#### [INFORMATION SHOWN]
+---+
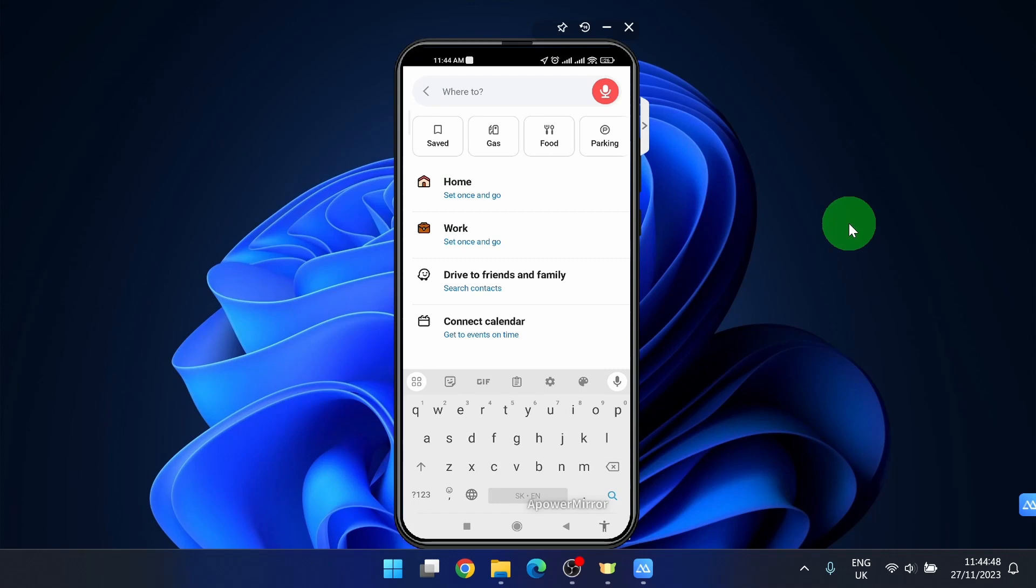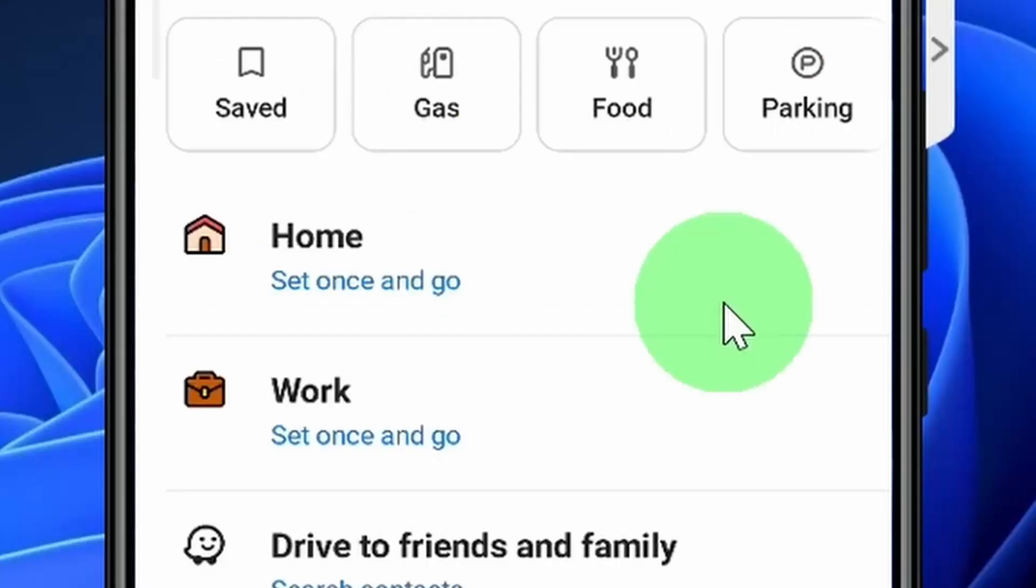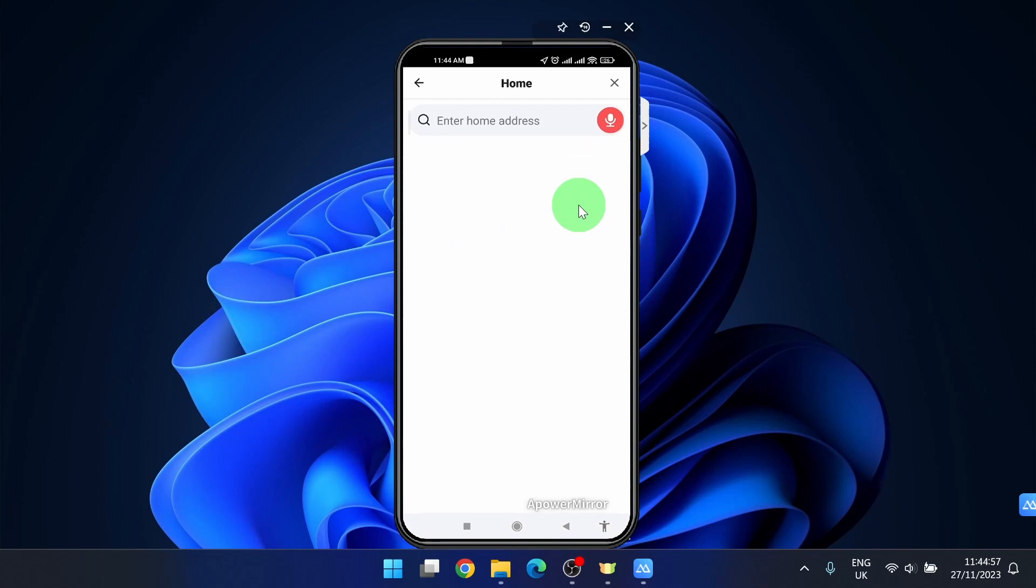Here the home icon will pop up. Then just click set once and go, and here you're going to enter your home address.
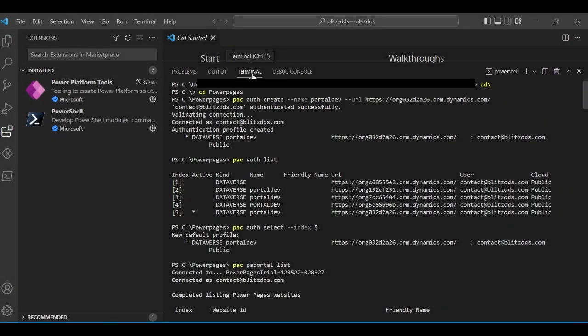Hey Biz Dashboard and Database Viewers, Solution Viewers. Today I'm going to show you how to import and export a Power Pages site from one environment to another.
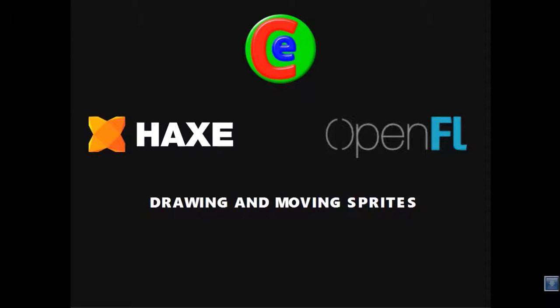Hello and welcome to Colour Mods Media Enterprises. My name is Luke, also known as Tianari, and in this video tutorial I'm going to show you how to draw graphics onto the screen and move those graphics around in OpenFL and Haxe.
+---+
#### [WHAT YOU HAVE TO DO]
Skip the pictures and write out exactly the lines from the line containing "Hey Biz Dashboard" through the end of the listing above.

#### [OUTPUT OF THE TASK]
Hey Biz Dashboard and Database Viewers, Solution Viewers. Today I'm going to show you how to import and export a Power Pages site from one environment to another.
Hello and welcome to Colour Mods Media Enterprises. My name is Luke, also known as Tianari, and in this video tutorial I'm going to show you how to draw graphics onto the screen and move those graphics around in OpenFL and Haxe.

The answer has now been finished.